Holmgren still wants to pick the players
He didn't want to lose the general manager's responsibilities in Seattle when he was demoted in 2002, and he hasn't lost his urge to shop for the groceries in addition to cooking up the game plans.
"That little itch I can't scratch," Holmgren said Wednesday. "It's still there. Maybe someday."
It's now Ruskell who holds that position in Seattle, and they don't always see eye to eye, and that's not just because Holmgren is 6 feet 5.
"We agree to disagree sometimes," Holmgren conceded last January.
Ruskell said he had heard that it might be difficult to work with Holmgren. Turns out that was a bad scouting report.
"I did not find it to be that way," he said. "It has been hard because we have strong opinions and everybody gets to voice their opinions, but when we've made a decision, we've gone forward to make it work."

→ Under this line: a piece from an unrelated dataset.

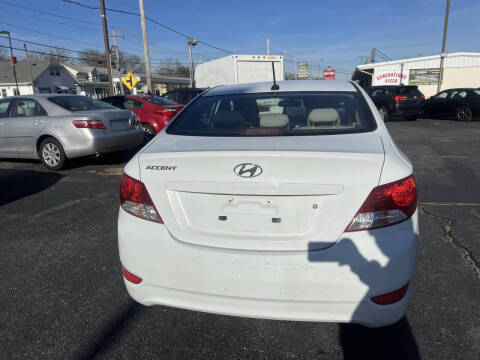 2014 Hyundai Accent GLS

Holmgren didn't have an open-ended option of staying
After each of the past four seasons, Holmgren has taken time to decide whether he wanted to come back for the next season. Before he left back in January, he was asked whether it was an either-or proposition between walking away or coaching one final season.
"I'm open, maybe, to a third option," Holmgren said on Jan. 15.
He called it a "longer, larger" option, but then cautioned not to get too specific.
One week later, that option no longer existed. He announced he would coach one final season with the franchise and said his comments regarding a potential extension were misinterpreted. There was no indication the franchise was interested in rolling over the contract and having Holmgren evaluate if he wanted to keep coaching after each season.
Holmgren didn't mind a successor
When Holmgren said he would return for a final season, he was asked about the possibility that assistant coach Jim Mora would take over the team once he left.
"That's for another press conference, and I won't be there," Holmgren said on Jan. 21.
He wasn't. Neither was Mora on Feb. 7 when the Seahawks announced Mora would be Seattle's next coach, beginning in 2009. Ruskell and CEO Tod Leiweke were the two who spoke.
But Holmgren knew of the plan and endorsed it in a statement handed out by the team. Not only that, but Mora and Holmgren are both represented by the same agent, Bob Lamonte, a close friend of Holmgren's since they were high-school teachers together in the Bay Area. Holmgren has said he supported the idea of naming the next coach if the organization had already made its decision, though, just the same, he would have preferred it had been kept quiet.
"I wanted people in the building to know what the situation was, particularly the coaching staff," Holmgren said in a telephone interview with Boston reporters on Dec. 3. "I didn't want it to be that public. And when it went public, of course the cat's out of the bag."
But keeping the arrangement silent would have been difficult, especially since the Seahawks and Mora needed to have a formal, signed contract in order to comply with the league's guidelines for naming a coach without interviewing a minority candidate.
They didn't always agree. Then again, football minds seldom do, especially when their expertise lies on different sides of the ball.
Holmgren preferred to hold onto both Darrell Jackson and Alexander, but the decision to let them go turned out best in both instances, as neither excelled after leaving. The failure to use the transition tag on Steve Hutchinson let him slip out the back door, but Ruskell isn't unyielding, either. In April, he traded away a third-round pick so the Seahawks could move up and choose John Carlson, the rookie who has set franchise receiving records for a Seahawks tight end. In September, Seattle re-signed Koren Robinson at the coach's behest.
For four years, Holmgren and Ruskell, the men who didn't choose each other for this arrangement, have made it work.
"I've enjoyed it," Ruskell said. "I wish we could have done the final piece of the puzzle and gotten the Super Bowl victory."